Accounts receivable financing: As the name implies, this type of lending can help you manage your cash flow effectively by relying on your accounts receivable. This line of credit gives you cash that will be later be paid off as soon as your clients pay you. The amount of this loan is variable as is its interest rate. Everything depends on the small business’s accounts receivable level.
Small business line of credit: If your company’s cash flow is suffering and you need extra cash to cover unexpected expenses, this type is ideal for your situation. Your company can access needed funds with a cap (e.g. $50.000) and you don’t have to pay interest before the moment you decide to use it. Τhen, typically there is a monthly interest rate and the amount you draw down is being amortized over years. However, this line of credit has a setup fee which is typically charged annually after the required renewal. If you don’t wish to renew the line of credit, you have to pay the full amount immediately.
Equipment loans: If you need cash to replace old and rusty machinery, update your company software, or buy vehicles, your small business could benefit from an equipment loan. Typically, you need to pay 20% of the expense up front and the loan is secured by the equipment. The loan’s interest is usually paid on a monthly basis and the principal over a 2-4 years period. Finally, equipment loans range between $5.000 to $500.000 and can also be converted into leasing contracts.
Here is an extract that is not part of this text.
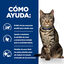 Hill's Prescription Diet Metabólico Control de Peso Pescado Sobre en Salsa para gatos, , large indicador imagen numero 3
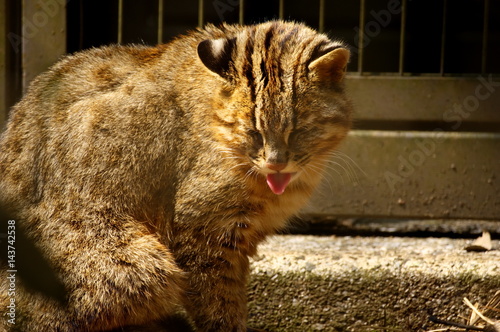 舌を出すツシマヤマネコ photo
Small business credit cards: Apart from the small business loan solution, you can also choose to get a credit card as a kind of small business financing. Interest rates vary per case, the credit card’s limit and the business owner’s reliability and credit profile. Lending institutions that issue credit cards for small businesses include American Express, Bank of America, and many others located in the U.S. This way you can make purchases of relatively small amounts, pay off in installments and enjoy the benefits of a reward program that most credit cards offer! Bonus point: Small business credit cards usually offer attractive interest rates and sometimes 0% for the 1st year or so.
Step #4 Research online business loans options
Apart from the traditional form of financing via the banking system, you can also get the needed funds from online sites.
The obvious advantages of such choice are the easiness of applying and the compressed time in which the whole process takes.
Swift Capital is one of the best and most reliable companies that offer loans online such as working capital loans and short-term loans that range from $5.000 to $500.000 in affordable interest rates. Also, you can check out Fundera and LendingTree which enable you to apply to multiple lenders via one simple process that does away with repetitive and tedious paperwork!
Step #5 Have your financial statements in check
Before applying for a loan, you need to be ready for the lender’s assessment that will ultimately determine whether you’re going to get financing or not.
Your financial statements and accounting records have to be as neat and correct as possible because they will be scrutinized by the lender. Financial statements that will be reviewed include your company’s balance sheet, cash flow statement and income/loss statements.
By analyzing those statements, the lender will draw conclusions on your ability of repayment. Therefore, it’s important to have your accountant check them beforehand so as to avoid complications.
Applying for a small business loan can be a stressful process, especially if it’s the first time. Always remember to keep your book-keeping “clean” and ask for an accountant’s perspective before going to a lending institution.
Assess your company’s financing needs and choose the right type of small business loan that will properly address your cash requirements. Then, all you have to do is provide the lenders with a thoroughly thought plan on what you wish to invest the money into.